BEGIN Recorded information

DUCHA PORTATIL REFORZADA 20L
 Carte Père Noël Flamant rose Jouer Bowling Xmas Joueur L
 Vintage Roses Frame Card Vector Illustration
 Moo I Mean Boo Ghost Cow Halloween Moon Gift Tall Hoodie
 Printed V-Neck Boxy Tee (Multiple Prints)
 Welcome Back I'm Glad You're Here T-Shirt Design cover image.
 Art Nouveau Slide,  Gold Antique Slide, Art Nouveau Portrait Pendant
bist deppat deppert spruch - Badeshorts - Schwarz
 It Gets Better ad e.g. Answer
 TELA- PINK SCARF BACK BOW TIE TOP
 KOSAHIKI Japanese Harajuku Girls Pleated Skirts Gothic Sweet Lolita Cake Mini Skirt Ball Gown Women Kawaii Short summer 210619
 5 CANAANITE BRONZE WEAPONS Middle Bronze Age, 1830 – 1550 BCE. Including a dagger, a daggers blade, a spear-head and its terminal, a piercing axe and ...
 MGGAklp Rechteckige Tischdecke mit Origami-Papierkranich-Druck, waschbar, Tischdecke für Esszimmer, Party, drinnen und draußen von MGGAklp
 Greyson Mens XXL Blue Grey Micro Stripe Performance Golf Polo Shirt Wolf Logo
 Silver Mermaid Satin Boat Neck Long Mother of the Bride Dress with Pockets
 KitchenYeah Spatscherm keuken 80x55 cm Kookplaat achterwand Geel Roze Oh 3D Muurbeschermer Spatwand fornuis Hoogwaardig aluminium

END Recorded information

Assigned task
What is needed is an exact copy of the lines from the one containing "Carte Père Noël" through the final line of the data, both included, and nothing more.

Response to the task
 Carte Père Noël Flamant rose Jouer Bowling Xmas Joueur L
 Vintage Roses Frame Card Vector Illustration
 Moo I Mean Boo Ghost Cow Halloween Moon Gift Tall Hoodie
 Printed V-Neck Boxy Tee (Multiple Prints)
 Welcome Back I'm Glad You're Here T-Shirt Design cover image.
 Art Nouveau Slide,  Gold Antique Slide, Art Nouveau Portrait Pendant
bist deppat deppert spruch - Badeshorts - Schwarz
 It Gets Better ad e.g. Answer
 TELA- PINK SCARF BACK BOW TIE TOP
 KOSAHIKI Japanese Harajuku Girls Pleated Skirts Gothic Sweet Lolita Cake Mini Skirt Ball Gown Women Kawaii Short summer 210619
 5 CANAANITE BRONZE WEAPONS Middle Bronze Age, 1830 – 1550 BCE. Including a dagger, a daggers blade, a spear-head and its terminal, a piercing axe and ...
 MGGAklp Rechteckige Tischdecke mit Origami-Papierkranich-Druck, waschbar, Tischdecke für Esszimmer, Party, drinnen und draußen von MGGAklp
 Greyson Mens XXL Blue Grey Micro Stripe Performance Golf Polo Shirt Wolf Logo
 Silver Mermaid Satin Boat Neck Long Mother of the Bride Dress with Pockets
 KitchenYeah Spatscherm keuken 80x55 cm Kookplaat achterwand Geel Roze Oh 3D Muurbeschermer Spatwand fornuis Hoogwaardig aluminium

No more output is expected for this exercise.